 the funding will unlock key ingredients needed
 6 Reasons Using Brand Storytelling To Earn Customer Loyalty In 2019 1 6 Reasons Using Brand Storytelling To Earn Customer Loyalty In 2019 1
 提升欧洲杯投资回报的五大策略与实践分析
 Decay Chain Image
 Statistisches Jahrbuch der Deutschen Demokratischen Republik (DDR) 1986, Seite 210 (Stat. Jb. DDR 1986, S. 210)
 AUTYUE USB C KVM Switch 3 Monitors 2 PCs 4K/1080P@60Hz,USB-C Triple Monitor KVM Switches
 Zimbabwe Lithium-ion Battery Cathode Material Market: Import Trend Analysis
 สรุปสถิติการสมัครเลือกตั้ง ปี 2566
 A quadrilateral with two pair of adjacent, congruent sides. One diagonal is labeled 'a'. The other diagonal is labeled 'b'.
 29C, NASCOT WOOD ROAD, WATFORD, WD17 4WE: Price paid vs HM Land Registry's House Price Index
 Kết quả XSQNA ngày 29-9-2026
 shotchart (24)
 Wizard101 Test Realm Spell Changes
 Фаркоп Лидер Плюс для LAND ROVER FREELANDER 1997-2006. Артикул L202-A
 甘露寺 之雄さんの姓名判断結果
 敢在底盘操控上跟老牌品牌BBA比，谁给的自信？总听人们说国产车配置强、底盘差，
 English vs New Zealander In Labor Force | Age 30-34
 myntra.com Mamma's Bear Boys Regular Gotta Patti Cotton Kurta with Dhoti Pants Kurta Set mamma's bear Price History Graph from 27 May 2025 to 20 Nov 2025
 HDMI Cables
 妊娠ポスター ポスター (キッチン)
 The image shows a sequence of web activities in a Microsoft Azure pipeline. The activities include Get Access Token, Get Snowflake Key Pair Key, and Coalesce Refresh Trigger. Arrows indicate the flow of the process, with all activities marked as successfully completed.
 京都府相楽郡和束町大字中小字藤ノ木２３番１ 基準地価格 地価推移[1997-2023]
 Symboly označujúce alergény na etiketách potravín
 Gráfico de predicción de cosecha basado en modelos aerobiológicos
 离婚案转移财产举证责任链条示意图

## Exercise aim
Copy all lines of the material above where the string "Price" occurs.

## Exercise solution
 29C, NASCOT WOOD ROAD, WATFORD, WD17 4WE: Price paid vs HM Land Registry's House Price Index
 myntra.com Mamma's Bear Boys Regular Gotta Patti Cotton Kurta with Dhoti Pants Kurta Set mamma's bear Price History Graph from 27 May 2025 to 20 Nov 2025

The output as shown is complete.